**How to complete this task:**
Omit all pictures. Quote the lines from the one with "Interreg Mecklenburg-Vorpommern/Brandenburg/Polska" through the end of the listing below, exactly as they appear.

**Data block:**
● ● ●
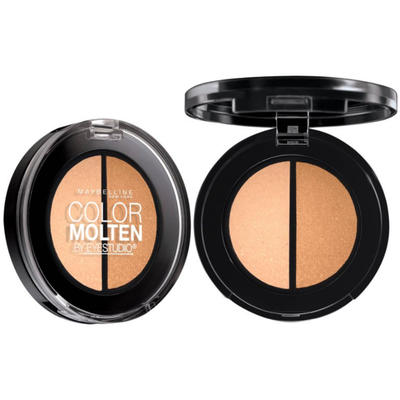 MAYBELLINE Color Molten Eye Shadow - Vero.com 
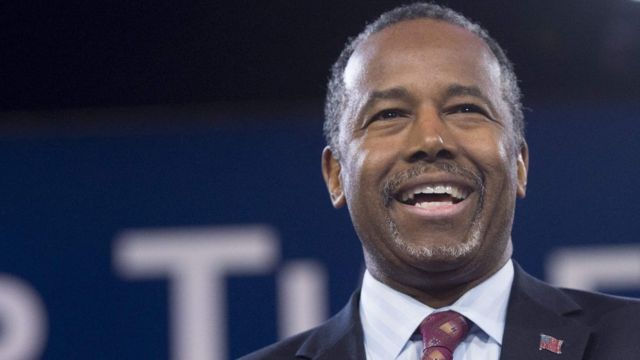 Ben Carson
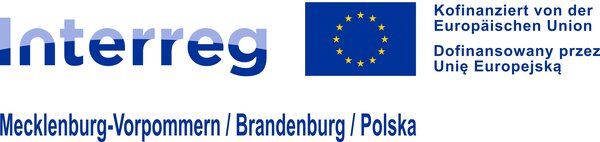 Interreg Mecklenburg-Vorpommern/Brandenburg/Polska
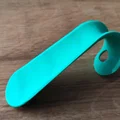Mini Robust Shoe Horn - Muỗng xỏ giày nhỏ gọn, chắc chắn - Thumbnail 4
● ● ●
**Result of this exercise:**
 Interreg Mecklenburg-Vorpommern/Brandenburg/Polska
Mini Robust Shoe Horn - Muỗng xỏ giày nhỏ gọn, chắc chắn - Thumbnail 4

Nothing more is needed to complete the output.